Lost and Wanted(47)
“It wouldn’t work anyway,” Simmi said. “Obviously.”
Jack looked confused. “Then why did you say we might be able to talk to your mom?”
Terrence made a short sound, a strangled groan. Simmi looked at him, frightened, then turned back to Jack. “I didn’t,” she said fiercely. “I was just doing it because there’s nothing to do here. All we do is sit around inside, playing with Legos. I want to go home.”
“Okay, Sims,” Terrence said. “Okay.” He put an arm around her and she looked as if she would break free; then she made a sudden move and put her face against his chest. He wrapped both arms around her. She wasn’t audibly crying but her small body shook; he bent his head over hers, and for a moment I saw them again the way they’d been at the memorial—in the midst of a group of mourners, but also alone. The difference in their sizes seemed to emphasize her suffering as well as his ability to comfort her. Jack stood in the lit closet doorway, watching them with an unreadable expression.
Terrence straightened up and gave me a questioning look. I shook my head, as if I were just as perplexed as he was. It struck me later that it is possible to lie without saying anything at all.
“Maybe we’re all hungry,” I suggested. “We could go down and eat—”
“I’m not hungry,” Simmi said immediately.
“I think we should probably just head out,” said Terrence.
“But the stew—”
“Don’t worry about it. Freeze what’s left and you’ll have another meal.” He didn’t sound angry, but he wouldn’t meet my eyes. The only light was from the closet and the street. Terrence put his arm around Simmi.
“It was his idea,” she said suddenly. “He wanted to find his dad. I told him you just Google for that. But…” Simmi shrugged, as if the ignorance of second graders was beyond her.
“Did not.” When Jack is trying not to cry, he pulls on his ears.
Simmi glared at him, and turned away on one foot in a way that momentarily undermined my sympathy for her. Whatevs, her mother used to say. I followed them down the stairs to our front hall, but Simmi had already gone out, and was heading down the second flight to the outer door.
“I’m sorry,” I said to Terrence, who was collecting their jackets from the Shaker-style bench just inside the door.

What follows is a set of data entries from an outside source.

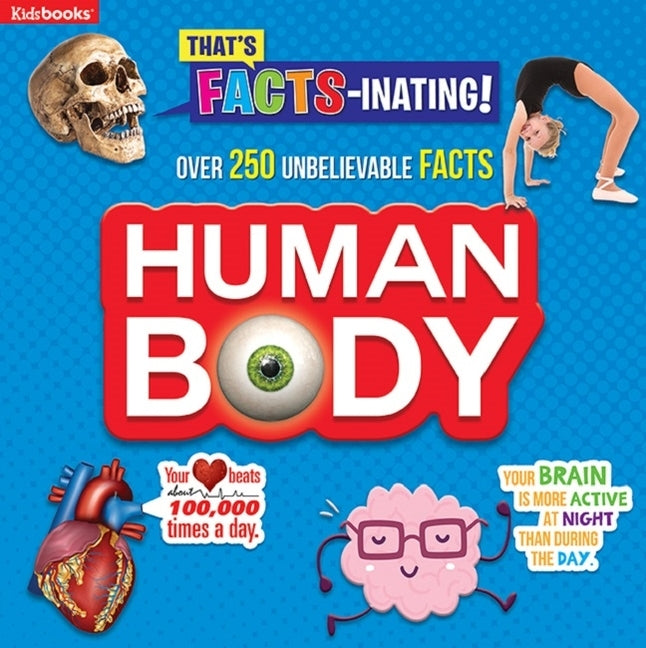 Human Body by Kidsbooks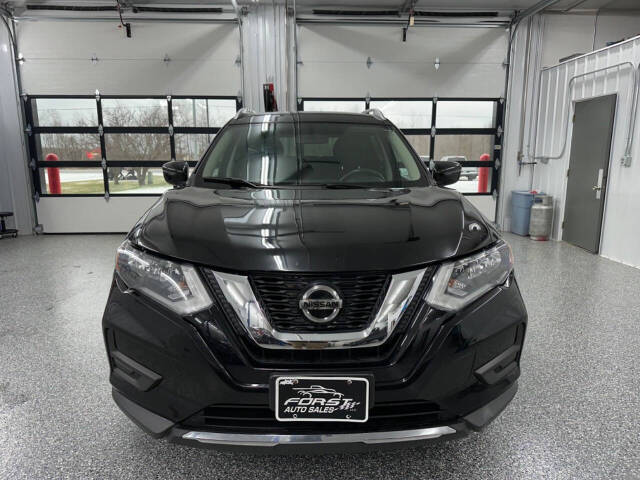 2018 Nissan Rogue for sale at Forst Auto Sales LLC in Marshfield, WI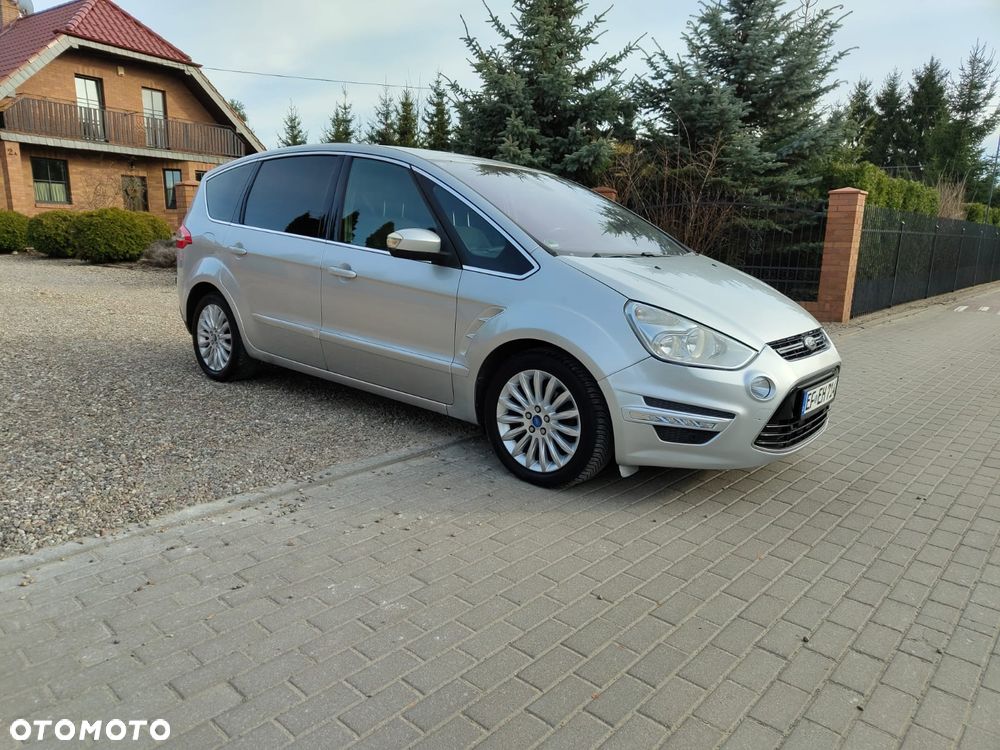 Ford S-Max 2.0 TDCi DPF Champions Edition - 17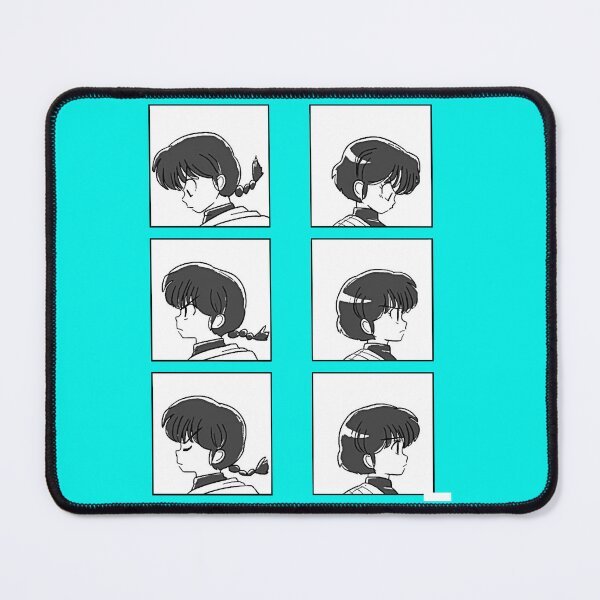 Item preview, Ranma And Akane Angry - Ranma 12 Collection designed and sold by PayThyRasom.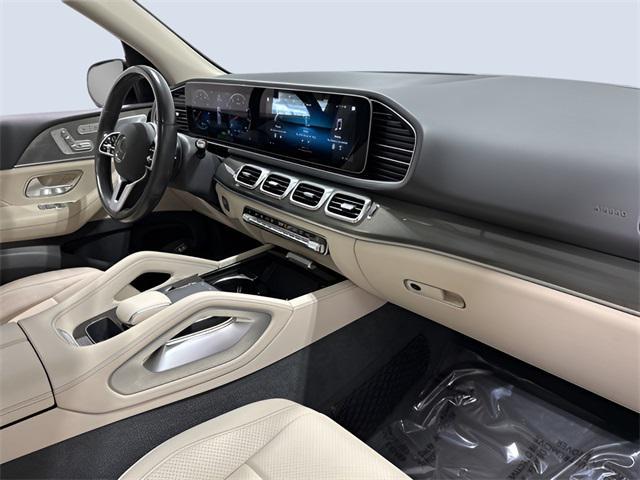 used 2020 Mercedes-Benz GLE 450 car, priced at $43,881
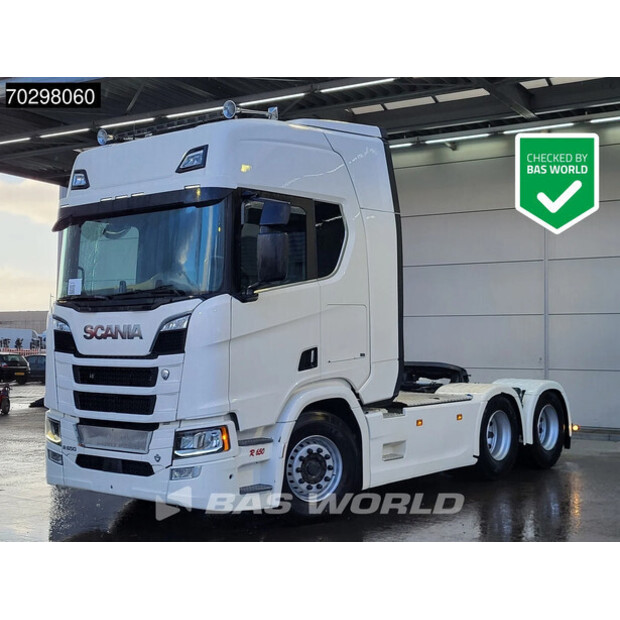 2019 Scania R650-44753000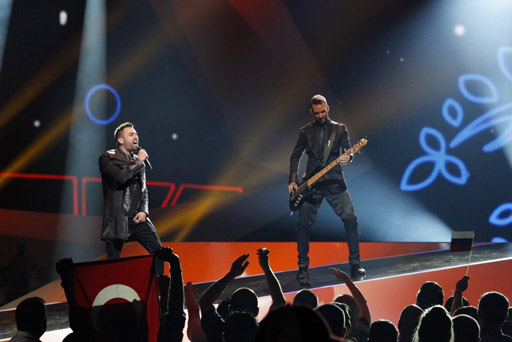Bakıda "Eurovision-2012"-nin ilk yarımfinalı keçirilib (FOTO) (VİDEO)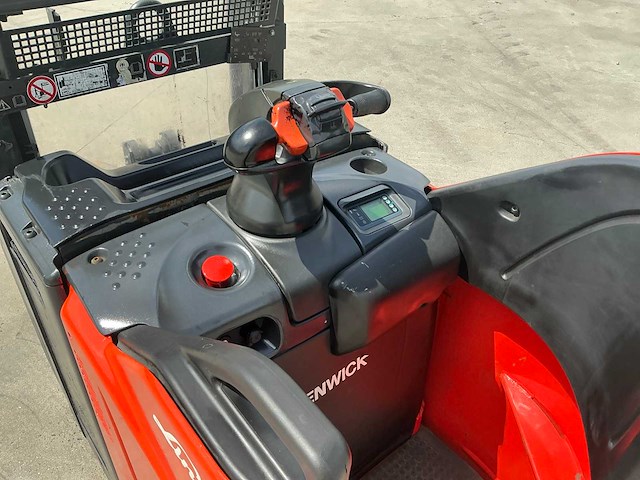 2020 linde d12sp stapelaar triplex - afbeelding 56 van  72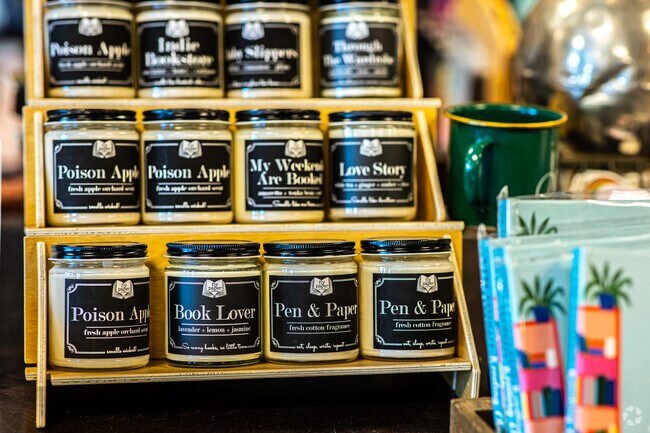 Monarch Books and Gifts offer gifts and a wide range of book genres for adults and kids alike.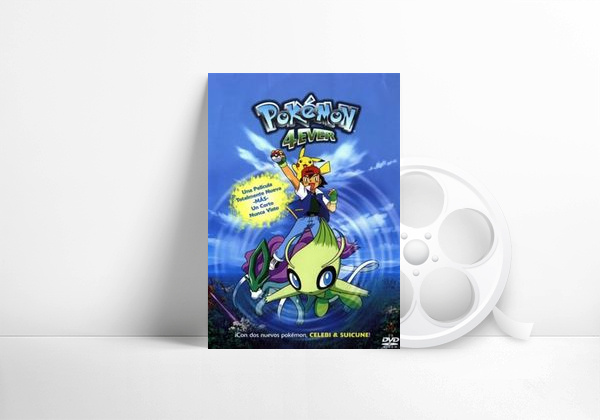 Movie Pokémon 4Ever
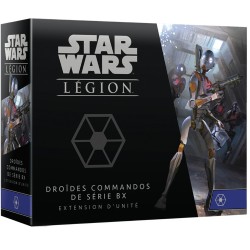 SW Légion: Droïdes Commandos de Série BX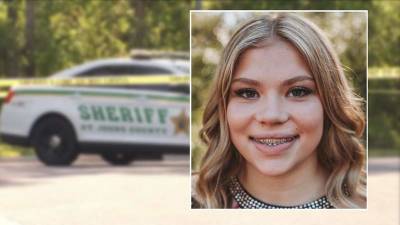 Aiden Fucci - 13-year-old Tristyn Bailey was stabbed to death, medical examiner says - clickorlando.com - state Florida - county Volusia - county St. Johns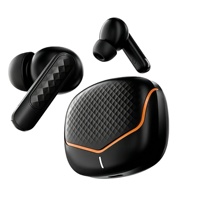 Écouteurs TWS Brightblue à réduction de bruit active ANC/ENC, étanches IPX5, avec amplification des basses, chipset JL pour V5.4, affichage LED de la batterie, intra-auriculaires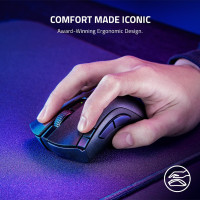 Razer DeathAdder V2 X HyperSpeed Gaming Mouse...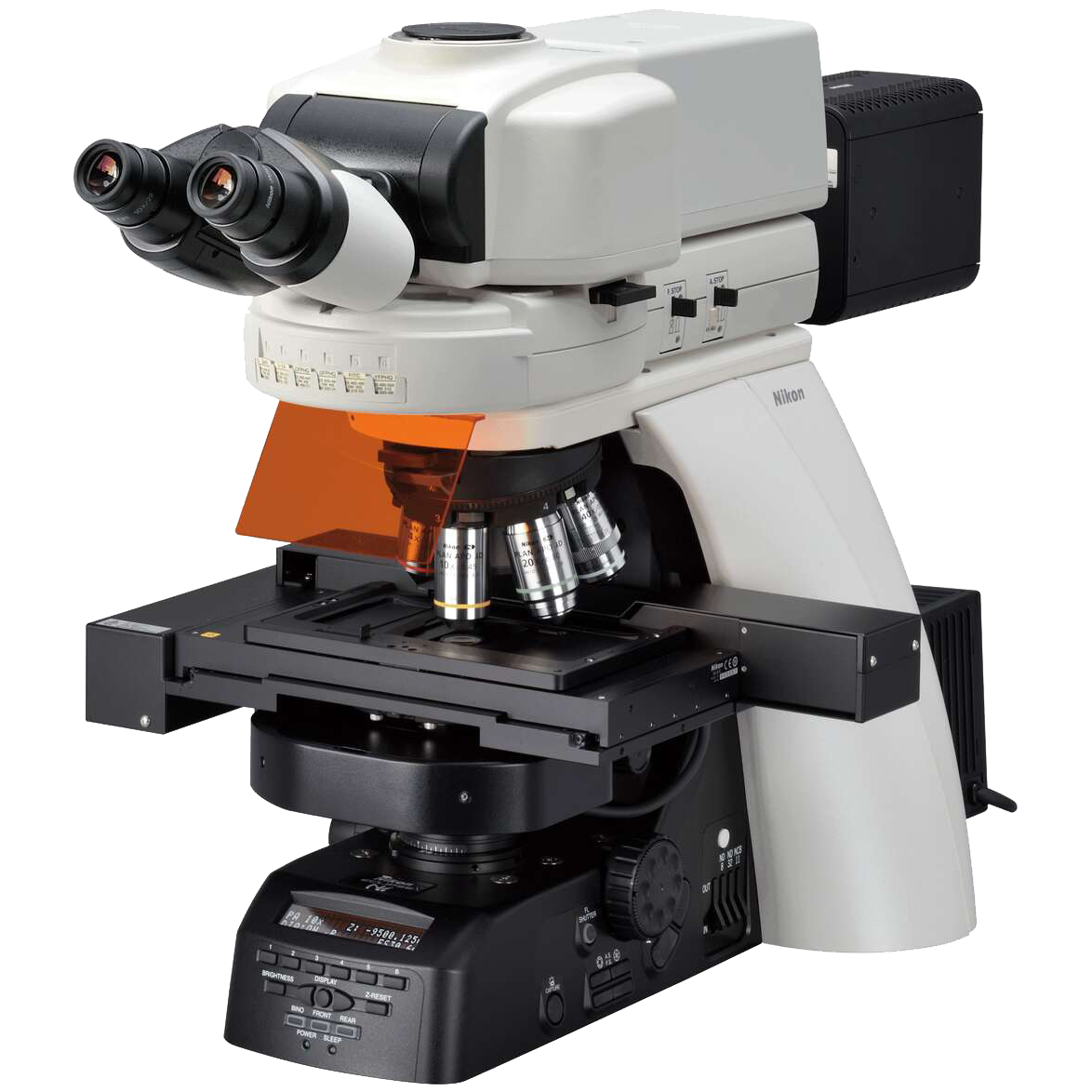Upright Microscopes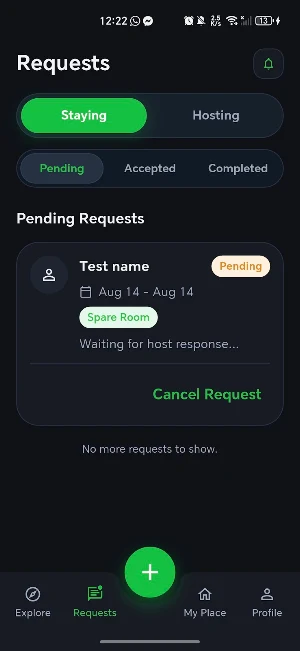 Proxima Screenshot 2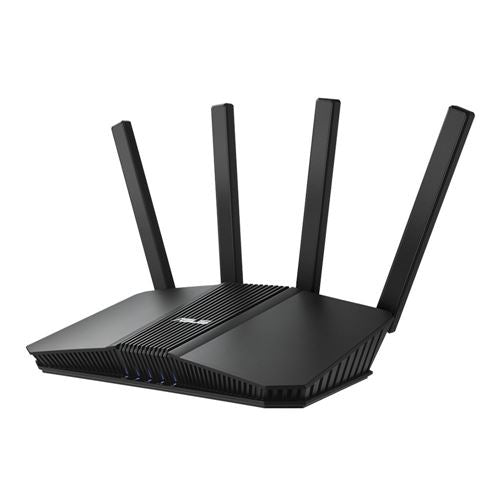 ASUS RT-BE55 Dual-band WiFi 7 (802.11be) Smart AiMesh Extendable Router — vista 1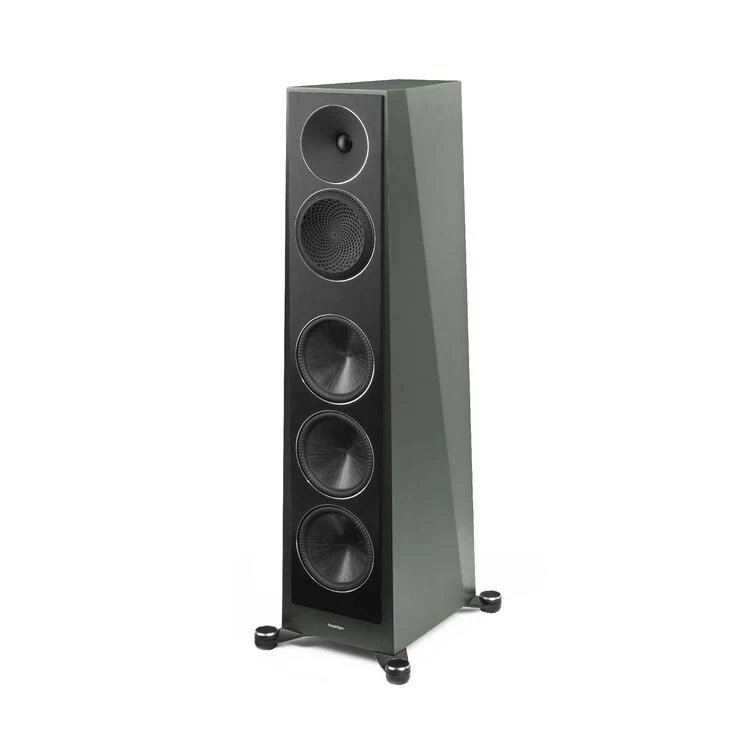 Paradigm Founder 120H | Haut-parleurs tour hybride - 95 db - 22 Hz - 20 kHz - 8 ohms - Frozen Charcoal - Paire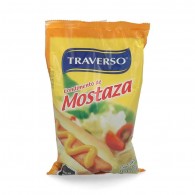 MOSTAZA BOLSA 1 KILO TRAVERSO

He gave me a half smile. “Not your fault—it’s like this all the time. Just usually in private.” He glanced down the stairs. “Hold up, Sims.” He put a hand briefly on my shoulder. “I’ll see you,” he said, before hurrying down the stairs after his daughter. The door downstairs locked automatically behind them, and I closed and locked our apartment door. Jack had come down from my bedroom, and was sitting three steps from the bottom of the stairs.
“Like what all the time?” he said.
I went to sit with him, and he made room on the step.
“You understand why Simmi was upset?”
“Because of her mom.”
“Right—she really misses her.”
What would Terrence think if he found out that I’d known all along that my son believed in ghosts—that in fact he believed he’d seen Simmi’s mother in my office several weeks after her death—and that I’d kept that information from him, perhaps in an attempt to make him like me?
“That’s why you really can’t talk about things like ghosts, even if you’re just playing a game.”
“Okay.”
“You understand?”
Jack nodded, lifting the hallway carpet with his toe, a dark red runner with a pattern of yellow triangles, flipped over the edge to reveal the rubber mesh pad. It was clear that something else was bothering him.
“Simmi said you were trying to use the machine to find out about your dad.”
Jack scowled at me. “No.”
It wasn’t that I hadn’t thought about talking to Jack about his donor; if anything I’d overthought it. I’d been waiting for him to ask, not about the mechanics of his conception—we’d covered that years ago—but about the man himself. I was going to show him the profile with the childhood photo of “Papageno,” and explain what musicology really was. I thought we could go to the rock climbing gym in Somerville and learn about that passion of his father’s, too.
I looked at Jack’s face now, and I knew how naive I’d been. Any child his age would’ve started thinking about his father and longing to meet him. A career and a few hobbies were hardly going to satisfy him.
“We don’t have to talk about it now—”
“I don’t want to talk about it,” he said. “Not ever.”
“But we will have to later. Because I’m afraid you don’t understand—”
Jack looked at me with such fury that I stepped back, startled.
“I do understand,” he said. Then he got up, slipped past me, and hurried down the hall to his room.
26.
Jack said he didn’t like the stew, and so I put on a movie to get him to eat. I watched half of it with him, and then let him stay up a little later while I cleaned the kitchen. I was just about to tell him it was time to get ready for bed, when someone knocked on our door.